Records from a data collection:
___

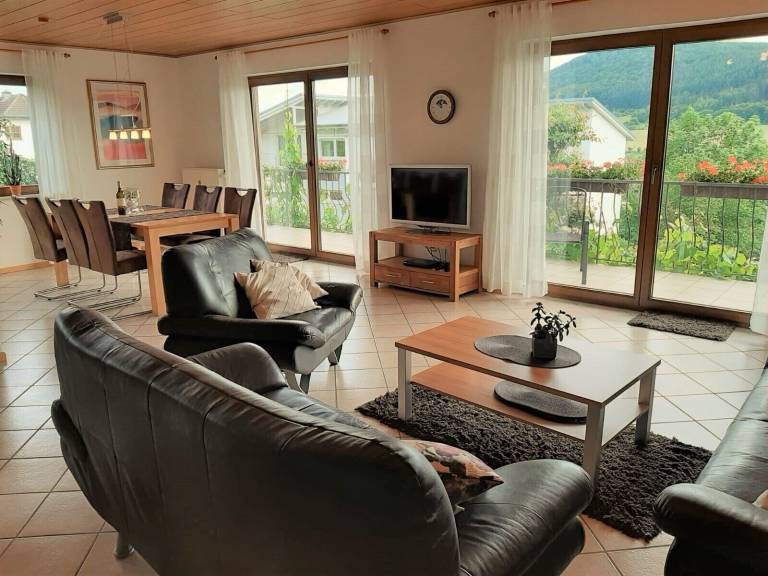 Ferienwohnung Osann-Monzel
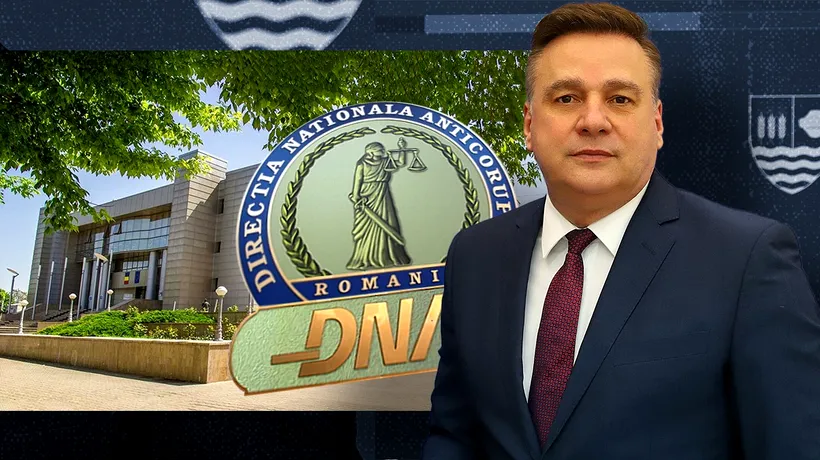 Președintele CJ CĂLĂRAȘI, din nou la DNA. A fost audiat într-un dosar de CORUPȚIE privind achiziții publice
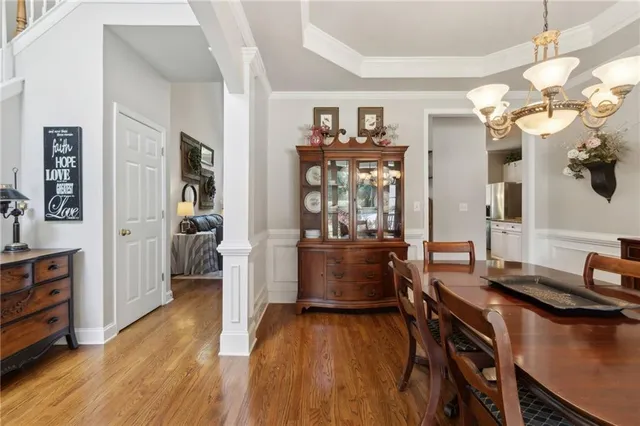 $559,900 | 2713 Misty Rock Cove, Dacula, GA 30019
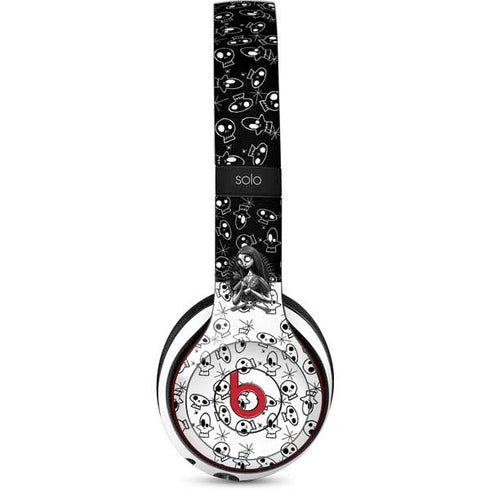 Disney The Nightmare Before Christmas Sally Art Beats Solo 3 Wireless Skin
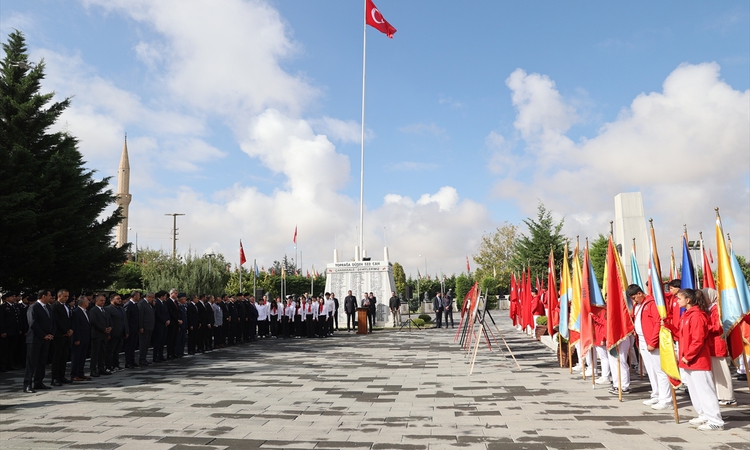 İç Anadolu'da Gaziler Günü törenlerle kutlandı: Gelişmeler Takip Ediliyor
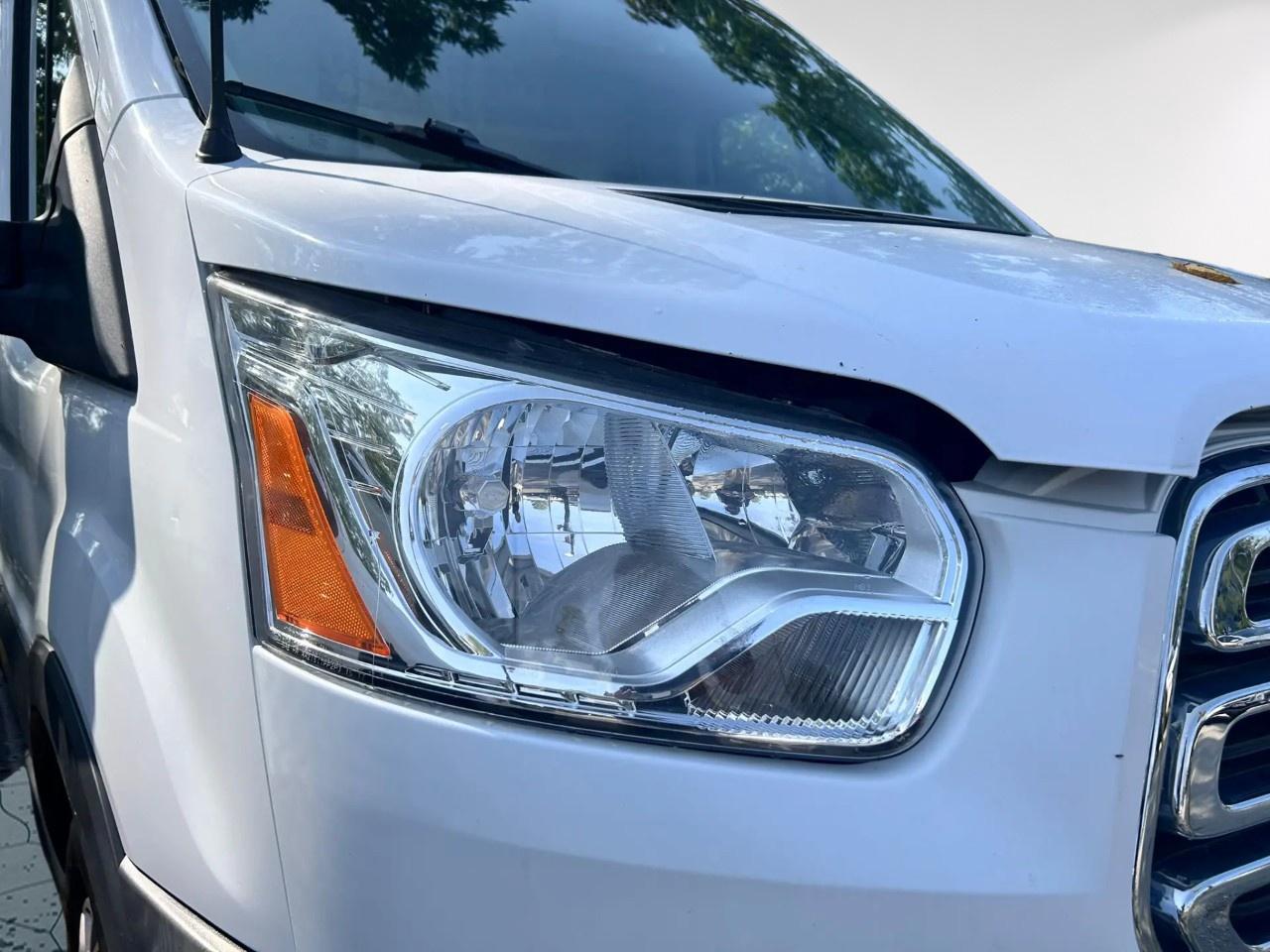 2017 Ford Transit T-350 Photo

___

*Aim of the exercise*.
Every record, from top to bottom, gets written out exactly; no picture goes into the copy.

*Response*.
 Ferienwohnung Osann-Monzel
 Președintele CJ CĂLĂRAȘI, din nou la DNA. A fost audiat într-un dosar de CORUPȚIE privind achiziții publice
 $559,900 | 2713 Misty Rock Cove, Dacula, GA 30019
 Disney The Nightmare Before Christmas Sally Art Beats Solo 3 Wireless Skin
 İç Anadolu'da Gaziler Günü törenlerle kutlandı: Gelişmeler Takip Ediliyor
 2017 Ford Transit T-350 Photo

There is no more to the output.